Demand for tickets is sure to exceed availability and with Cowling acting in this way, it could open up a whole new can of worms.
According to Canary messageboards, many Norwich supporters have already bought seats in the home areas and with this latest news, many more could follow suit.
I don’t need to tell you what the possible implications of such actions are. Cowling will know that this is a possibility and for that reason alone, Tuesday’s statement was foolish.
For a chairman of a League One football club to act in such a spiteful manner is surprising and he’s clearly got a huge chip on his shoulder regarding the whole affair.
Maybe it’s a case of small man syndrome – or should I say small club syndrome – and even if City are deemed to have been underhand in their pursuit of the Scot, the way Cowling has played out proceedings in the local media is a poor show.
But the really sad thing is that he’s punishing the innocent by refusing to grant Norwich extra tickets – after all, City supporters are not to blame for the Lambert affair.
The Canary faithful have shown phenomenal loyalty this season and on more than one occasion, the ‘sold out!’ signs have gone up outside away ends across the country.
They would have had no problem selling 3,000 tickets – which is what Leeds got I’m told – for League One’s East Anglian derby, but obviously that is now not going to be the case.
You might say that Cowling is perfectly within his rights to cap the Canaries’ following, and he is. But the fact that he’s willing to forsake a possible £30,000 in revenue – his words, not mine – just to make a point marks a new low in this sorry affair.
The sooner the FA come to a decision and decide what, if any, punishment is deemed appropriate, the sooner both clubs can put this feud behind them – although it’s fair to say that there may be some needle for many years to come.
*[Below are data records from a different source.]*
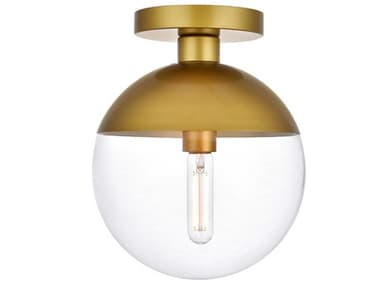 Elegant Lighting Eclipse 10" 1-Light Brass Glass Globe Semi Flush Mount EGLD6067BR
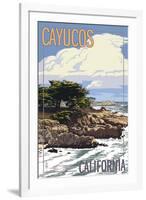 Cayucos, California - Rocky Shore-Lantern Press-Framed Art Print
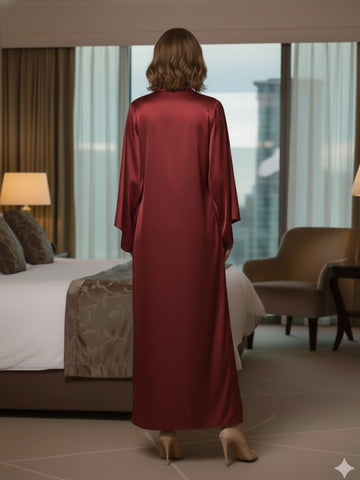 11015- Women Maroon Satin Nightwear Set with Lace-Trimmed Slip & Robe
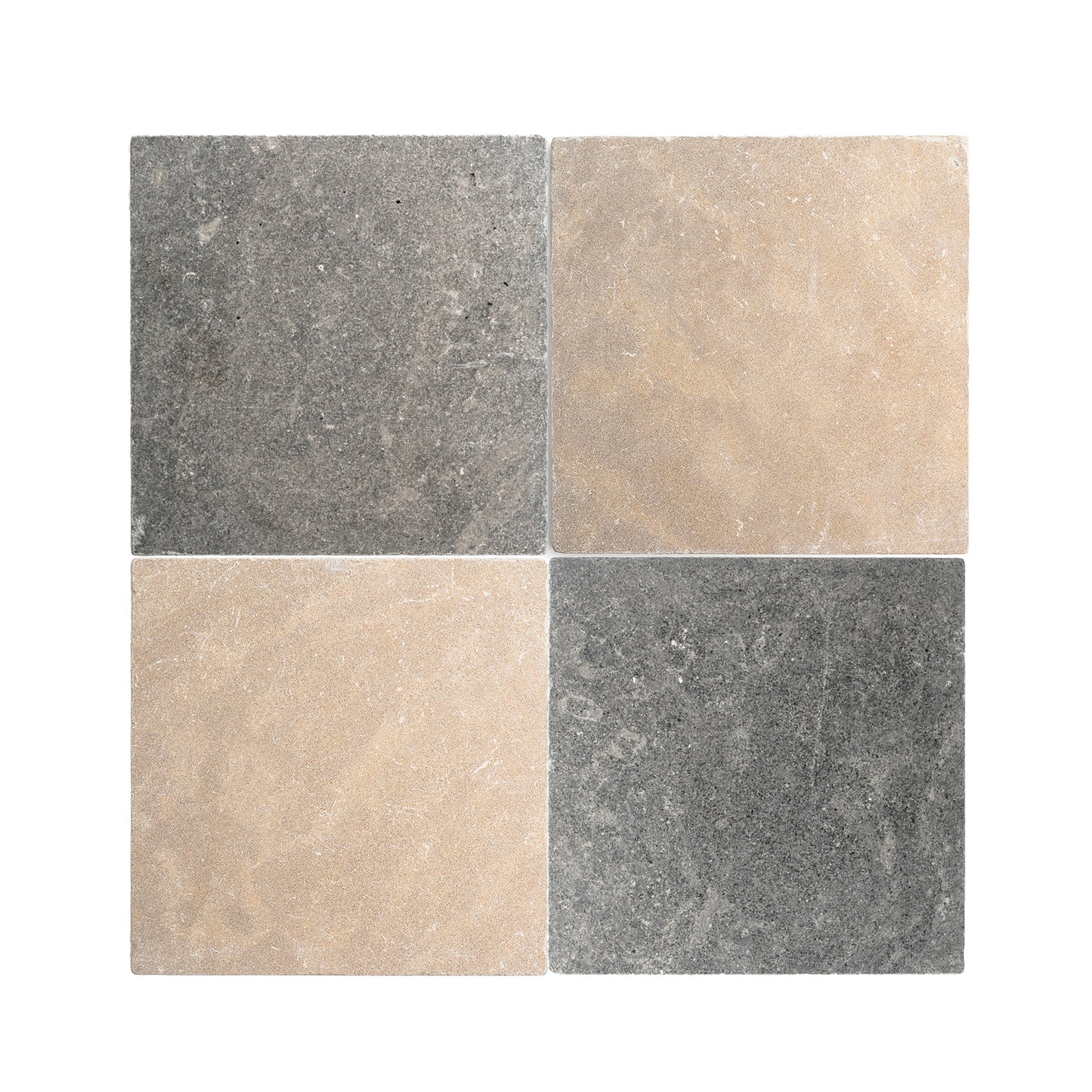 Akal Dark & Azru Sand 12x12 Moroccan Limestone | Tumbled & Honed – Checkerboard Bundle-Main Inventory-All Products,Checkerboard-Riad Tile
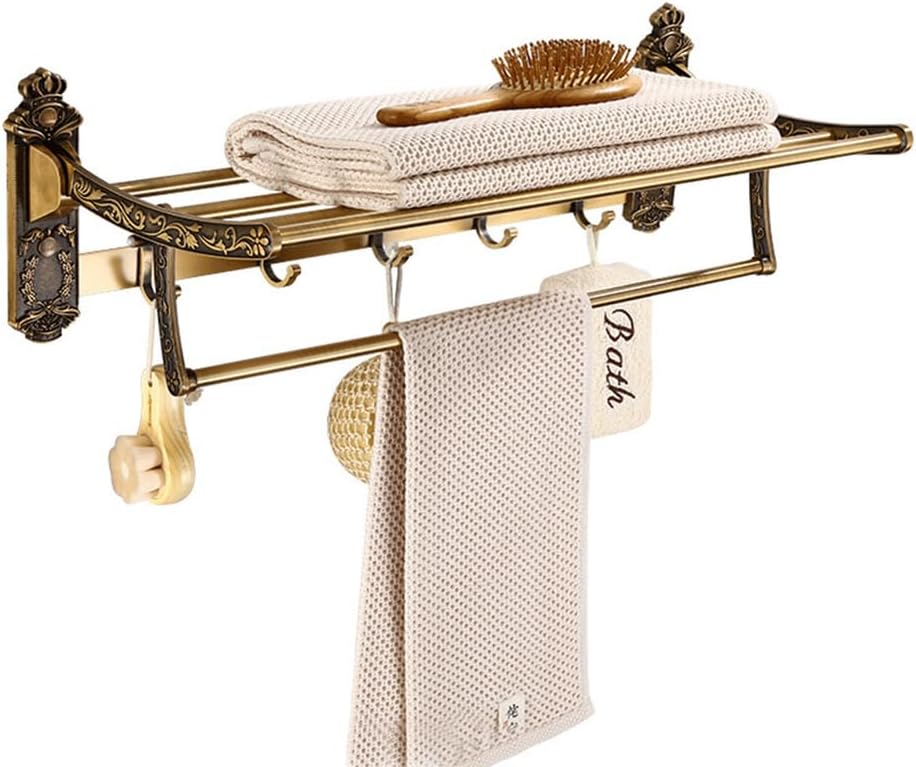 Towel Rack, 23.62Inch Lavatory European Retro Bath Towel Rack with Two Towel Bars Brushed Gold Wall Mount Towel Holder for Bathroom,A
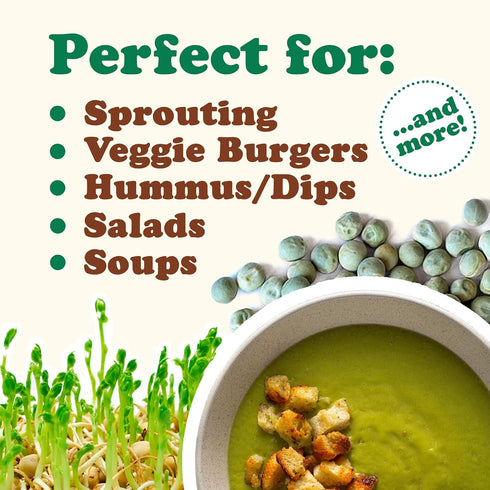 4 Food to Live Whole Dried Green Peas, Pounds Green Vatana, Sproutable, Vegan, Kosher, Bulk. Pre-Soak Needed. Rich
Meanwhile, what a cruel game football can be sometimes. City did not deserve to crash out of the Johnstone’s Paint Trophy on Tuesday night but after a spirited showing, an equaliser with 15 seconds left and the subsequent 6-5 penalty shoot-out meant the Wembley dream was over.
But they can take great heart in more than matching a promotion rival – and make no mistake, despite their ten point deduction, Saints will be in the mix come May – and the Canaries have a perfect opportunity to bounce back on Saturday in the huge League One contest with Huddersfield.
And if they can emerge victorious, it would put some real daylight between them and Lee Clark’s side.